By Alexis Akwagyiram and Didi Akinyelure
LAGOS, June 25 (Reuters) - Online sports betting is growing in soccer-mad Nigeria mainly thanks to payment systems established by homegrown innovation firms that are starting to make online businesses more feasible.

For several years, mobile payments failed to remove in Nigeria as they have in countries such as Kenya, where Safaricom's M-Pesa money transfers have actually fostered a culture of cashless payments.
Fear of electronic scams and slow internet speeds have actually held Nigerian online customers back however wagering companies states the new, fast digital payment systems underpinning their sites are changing mindsets towards online transactions.
"We have seen substantial development in the number of payment options that are offered. All that is absolutely altering the video gaming area," said Seun Anibaba, CEO of Lagos State Lotteries Board, video gaming regulator in Nigeria's business capital.
"The operators will go with whoever is quicker, whoever can link to their platform with less problems and glitches," he said, including that taxes from sports betting in Lagos State increased 30 percent to 40 percent in 2017 from 2016.
That development has actually been matched by an increase in web payments, according to data from the Nigeria Inter-Bank Settlement System (NIBSS), which is owned by the reserve bank and certified banks.
In 2016, there were 14 million web payments worth a total 132 billion naira ($420 million). Transactions jumped to 29 million worth 185 billion in 2017 and in the very first quarter of 2018 there were almost 10 million worth 61 billion.
With a young population of nearly 190 million, increasing cellphone use and falling information expenses, Nigeria has long been seen as a terrific chance for online organizations - once consumers feel comfy with electronic payments.
Online betting companies say that is taking place, though reaching the 10s of countless Nigerians without access to banking services stays a difficulty for pure online merchants.
British online sports betting company Betway opened its first African organization in Kenya in 2015, followed by Uganda, Ghana and South Africa. It launched in Nigeria in January.
"There is a gradual shift to online now, that is where the market is going," Betway's Nigeria supervisor Lere Awokoya said.
"The development in the variety of fintechs, and the government as an enabler, has assisted the organization to flourish. These technological shifts encouraged Betway to start operating in Nigeria," he stated.
FINTECH COMPETITION
sports betting companies cashing in on the soccer craze worked up by Nigeria's involvement worldwide Cup say they are finding the payment systems created by regional startups such as Paystack are proving popular online.
Paystack and another local start-up Flutterwave, both established in 2016, are providing competition for Nigeria's Interswitch which was set up in 2002 and was the primary platform utilized by businesses operating in Nigeria.
"We included Paystack as one of our payment options without any excitement, without revealing to our clients, and within a month it shot up to the top most pre-owned payment option on the website," said Akin Alabi, founder of NairabBET.

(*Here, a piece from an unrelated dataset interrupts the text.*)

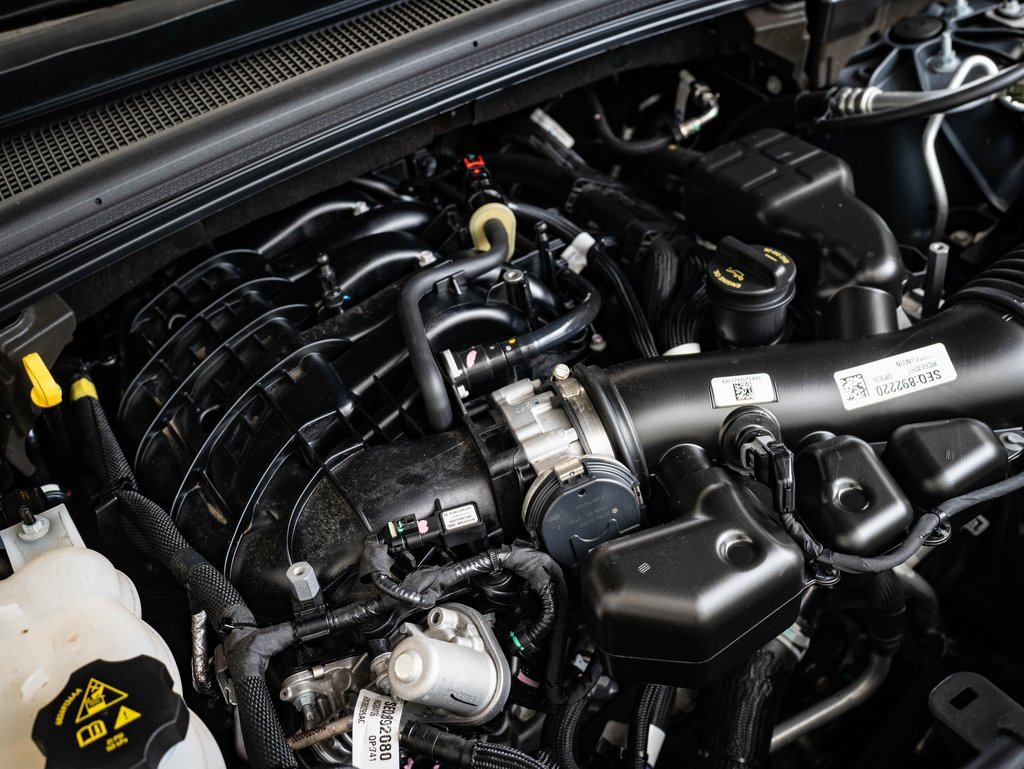 Used 2024 Jeep Grand Cherokee Limited w/ Luxury Tech Group II image 37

He stated NairaBET, the country's second most significant wagering firm, now had 2 million regular consumers on its site, up from 500,000 in 2013, and Paystack remained the most popular payment option since it was added in late 2017.

Paystack was established by two Nigerian computer technology graduates, Shola Akinlade and Ezra Olubi, who received early stage funding in Silicon Valley's Y-Combinator programme.
In December 2016, it raised $1.3 million from financiers including China's Tencent and Comcast Ventures in the United States.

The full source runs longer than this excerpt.